_YOUR TASK_
The entries below are to be repeated verbatim, in full.

(Items from a dataset)

════════════════

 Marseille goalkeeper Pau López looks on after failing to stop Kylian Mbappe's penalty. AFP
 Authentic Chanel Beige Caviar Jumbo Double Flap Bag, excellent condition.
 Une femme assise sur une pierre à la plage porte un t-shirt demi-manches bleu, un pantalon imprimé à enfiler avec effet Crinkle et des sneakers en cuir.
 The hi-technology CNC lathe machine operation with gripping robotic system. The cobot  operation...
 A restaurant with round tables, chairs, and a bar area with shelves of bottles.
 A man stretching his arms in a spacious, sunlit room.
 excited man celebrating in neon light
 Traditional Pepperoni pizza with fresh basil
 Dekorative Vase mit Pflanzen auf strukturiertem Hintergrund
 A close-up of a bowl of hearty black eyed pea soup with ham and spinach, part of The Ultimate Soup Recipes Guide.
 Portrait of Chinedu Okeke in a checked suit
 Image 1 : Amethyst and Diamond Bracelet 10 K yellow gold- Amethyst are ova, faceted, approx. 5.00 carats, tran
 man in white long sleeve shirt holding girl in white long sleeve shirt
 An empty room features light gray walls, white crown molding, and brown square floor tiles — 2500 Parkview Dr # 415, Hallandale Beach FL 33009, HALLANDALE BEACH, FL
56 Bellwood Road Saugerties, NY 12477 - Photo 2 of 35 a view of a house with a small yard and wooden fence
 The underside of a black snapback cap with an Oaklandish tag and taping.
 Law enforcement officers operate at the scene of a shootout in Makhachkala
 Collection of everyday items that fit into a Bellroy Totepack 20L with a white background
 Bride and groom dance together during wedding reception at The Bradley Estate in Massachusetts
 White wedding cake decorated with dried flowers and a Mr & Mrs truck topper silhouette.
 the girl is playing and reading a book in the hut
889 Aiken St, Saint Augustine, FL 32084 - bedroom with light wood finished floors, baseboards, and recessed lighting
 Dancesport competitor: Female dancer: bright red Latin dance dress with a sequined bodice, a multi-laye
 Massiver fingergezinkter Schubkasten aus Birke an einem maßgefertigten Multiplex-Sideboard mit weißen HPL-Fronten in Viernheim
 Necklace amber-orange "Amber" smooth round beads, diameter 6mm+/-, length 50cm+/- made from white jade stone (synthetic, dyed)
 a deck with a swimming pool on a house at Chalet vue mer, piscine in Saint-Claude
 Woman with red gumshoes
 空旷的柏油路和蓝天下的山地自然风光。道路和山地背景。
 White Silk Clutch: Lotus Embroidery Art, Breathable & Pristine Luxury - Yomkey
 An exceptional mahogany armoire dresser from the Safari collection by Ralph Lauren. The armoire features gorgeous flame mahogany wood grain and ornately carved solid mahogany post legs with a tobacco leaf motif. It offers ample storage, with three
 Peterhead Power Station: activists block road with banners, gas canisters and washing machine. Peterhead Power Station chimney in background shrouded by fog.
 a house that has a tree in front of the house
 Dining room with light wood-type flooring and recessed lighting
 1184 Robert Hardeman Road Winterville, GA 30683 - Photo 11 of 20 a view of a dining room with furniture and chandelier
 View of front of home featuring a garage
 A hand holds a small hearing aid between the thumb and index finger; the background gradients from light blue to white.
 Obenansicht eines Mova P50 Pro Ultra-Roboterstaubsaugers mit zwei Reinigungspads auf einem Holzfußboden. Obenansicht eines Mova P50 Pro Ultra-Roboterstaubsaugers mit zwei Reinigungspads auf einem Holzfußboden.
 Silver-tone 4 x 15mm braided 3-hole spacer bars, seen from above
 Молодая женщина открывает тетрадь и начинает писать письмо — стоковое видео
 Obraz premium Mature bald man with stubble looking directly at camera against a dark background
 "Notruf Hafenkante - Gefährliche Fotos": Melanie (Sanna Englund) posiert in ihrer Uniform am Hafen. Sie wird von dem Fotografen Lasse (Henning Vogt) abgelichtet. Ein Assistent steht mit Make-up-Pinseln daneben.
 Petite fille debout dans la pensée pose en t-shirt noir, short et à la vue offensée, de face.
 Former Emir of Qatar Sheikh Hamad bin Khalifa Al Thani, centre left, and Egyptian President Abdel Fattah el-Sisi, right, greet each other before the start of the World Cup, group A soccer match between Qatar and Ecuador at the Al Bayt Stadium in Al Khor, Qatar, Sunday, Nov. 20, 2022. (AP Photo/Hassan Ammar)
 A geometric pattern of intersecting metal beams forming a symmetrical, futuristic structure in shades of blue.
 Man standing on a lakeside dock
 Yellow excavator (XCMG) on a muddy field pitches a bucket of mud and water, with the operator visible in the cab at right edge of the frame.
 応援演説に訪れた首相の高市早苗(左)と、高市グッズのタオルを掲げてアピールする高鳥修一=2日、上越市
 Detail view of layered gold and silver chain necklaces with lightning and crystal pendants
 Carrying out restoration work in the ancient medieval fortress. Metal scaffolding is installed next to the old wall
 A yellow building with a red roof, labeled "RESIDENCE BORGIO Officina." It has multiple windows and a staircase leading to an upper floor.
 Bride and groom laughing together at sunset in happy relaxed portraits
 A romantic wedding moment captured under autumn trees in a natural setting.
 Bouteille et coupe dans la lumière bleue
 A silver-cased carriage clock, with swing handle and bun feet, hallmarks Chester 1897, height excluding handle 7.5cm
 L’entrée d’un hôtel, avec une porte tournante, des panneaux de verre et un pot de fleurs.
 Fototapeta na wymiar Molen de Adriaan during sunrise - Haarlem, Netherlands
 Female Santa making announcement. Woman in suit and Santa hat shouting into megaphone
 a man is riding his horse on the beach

════════════════

_FINISHED EXERCISE_
 Marseille goalkeeper Pau López looks on after failing to stop Kylian Mbappe's penalty. AFP
 Authentic Chanel Beige Caviar Jumbo Double Flap Bag, excellent condition.
 Une femme assise sur une pierre à la plage porte un t-shirt demi-manches bleu, un pantalon imprimé à enfiler avec effet Crinkle et des sneakers en cuir.
 The hi-technology CNC lathe machine operation with gripping robotic system. The cobot  operation...
 A restaurant with round tables, chairs, and a bar area with shelves of bottles.
 A man stretching his arms in a spacious, sunlit room.
 excited man celebrating in neon light
 Traditional Pepperoni pizza with fresh basil
 Dekorative Vase mit Pflanzen auf strukturiertem Hintergrund
 A close-up of a bowl of hearty black eyed pea soup with ham and spinach, part of The Ultimate Soup Recipes Guide.
 Portrait of Chinedu Okeke in a checked suit
 Image 1 : Amethyst and Diamond Bracelet 10 K yellow gold- Amethyst are ova, faceted, approx. 5.00 carats, tran
 man in white long sleeve shirt holding girl in white long sleeve shirt
 An empty room features light gray walls, white crown molding, and brown square floor tiles — 2500 Parkview Dr # 415, Hallandale Beach FL 33009, HALLANDALE BEACH, FL
56 Bellwood Road Saugerties, NY 12477 - Photo 2 of 35 a view of a house with a small yard and wooden fence
 The underside of a black snapback cap with an Oaklandish tag and taping.
 Law enforcement officers operate at the scene of a shootout in Makhachkala
 Collection of everyday items that fit into a Bellroy Totepack 20L with a white background
 Bride and groom dance together during wedding reception at The Bradley Estate in Massachusetts
 White wedding cake decorated with dried flowers and a Mr & Mrs truck topper silhouette.
 the girl is playing and reading a book in the hut
889 Aiken St, Saint Augustine, FL 32084 - bedroom with light wood finished floors, baseboards, and recessed lighting
 Dancesport competitor: Female dancer: bright red Latin dance dress with a sequined bodice, a multi-laye
 Massiver fingergezinkter Schubkasten aus Birke an einem maßgefertigten Multiplex-Sideboard mit weißen HPL-Fronten in Viernheim
 Necklace amber-orange "Amber" smooth round beads, diameter 6mm+/-, length 50cm+/- made from white jade stone (synthetic, dyed)
 a deck with a swimming pool on a house at Chalet vue mer, piscine in Saint-Claude
 Woman with red gumshoes
 空旷的柏油路和蓝天下的山地自然风光。道路和山地背景。
 White Silk Clutch: Lotus Embroidery Art, Breathable & Pristine Luxury - Yomkey
 An exceptional mahogany armoire dresser from the Safari collection by Ralph Lauren. The armoire features gorgeous flame mahogany wood grain and ornately carved solid mahogany post legs with a tobacco leaf motif. It offers ample storage, with three
 Peterhead Power Station: activists block road with banners, gas canisters and washing machine. Peterhead Power Station chimney in background shrouded by fog.
 a house that has a tree in front of the house
 Dining room with light wood-type flooring and recessed lighting
 1184 Robert Hardeman Road Winterville, GA 30683 - Photo 11 of 20 a view of a dining room with furniture and chandelier
 View of front of home featuring a garage
 A hand holds a small hearing aid between the thumb and index finger; the background gradients from light blue to white.
 Obenansicht eines Mova P50 Pro Ultra-Roboterstaubsaugers mit zwei Reinigungspads auf einem Holzfußboden. Obenansicht eines Mova P50 Pro Ultra-Roboterstaubsaugers mit zwei Reinigungspads auf einem Holzfußboden.
 Silver-tone 4 x 15mm braided 3-hole spacer bars, seen from above
 Молодая женщина открывает тетрадь и начинает писать письмо — стоковое видео
 Obraz premium Mature bald man with stubble looking directly at camera against a dark background
 "Notruf Hafenkante - Gefährliche Fotos": Melanie (Sanna Englund) posiert in ihrer Uniform am Hafen. Sie wird von dem Fotografen Lasse (Henning Vogt) abgelichtet. Ein Assistent steht mit Make-up-Pinseln daneben.
 Petite fille debout dans la pensée pose en t-shirt noir, short et à la vue offensée, de face.
 Former Emir of Qatar Sheikh Hamad bin Khalifa Al Thani, centre left, and Egyptian President Abdel Fattah el-Sisi, right, greet each other before the start of the World Cup, group A soccer match between Qatar and Ecuador at the Al Bayt Stadium in Al Khor, Qatar, Sunday, Nov. 20, 2022. (AP Photo/Hassan Ammar)
 A geometric pattern of intersecting metal beams forming a symmetrical, futuristic structure in shades of blue.
 Man standing on a lakeside dock
 Yellow excavator (XCMG) on a muddy field pitches a bucket of mud and water, with the operator visible in the cab at right edge of the frame.
 応援演説に訪れた首相の高市早苗(左)と、高市グッズのタオルを掲げてアピールする高鳥修一=2日、上越市
 Detail view of layered gold and silver chain necklaces with lightning and crystal pendants
 Carrying out restoration work in the ancient medieval fortress. Metal scaffolding is installed next to the old wall
 A yellow building with a red roof, labeled "RESIDENCE BORGIO Officina." It has multiple windows and a staircase leading to an upper floor.
 Bride and groom laughing together at sunset in happy relaxed portraits
 A romantic wedding moment captured under autumn trees in a natural setting.
 Bouteille et coupe dans la lumière bleue
 A silver-cased carriage clock, with swing handle and bun feet, hallmarks Chester 1897, height excluding handle 7.5cm
 L’entrée d’un hôtel, avec une porte tournante, des panneaux de verre et un pot de fleurs.
 Fototapeta na wymiar Molen de Adriaan during sunrise - Haarlem, Netherlands
 Female Santa making announcement. Woman in suit and Santa hat shouting into megaphone
 a man is riding his horse on the beach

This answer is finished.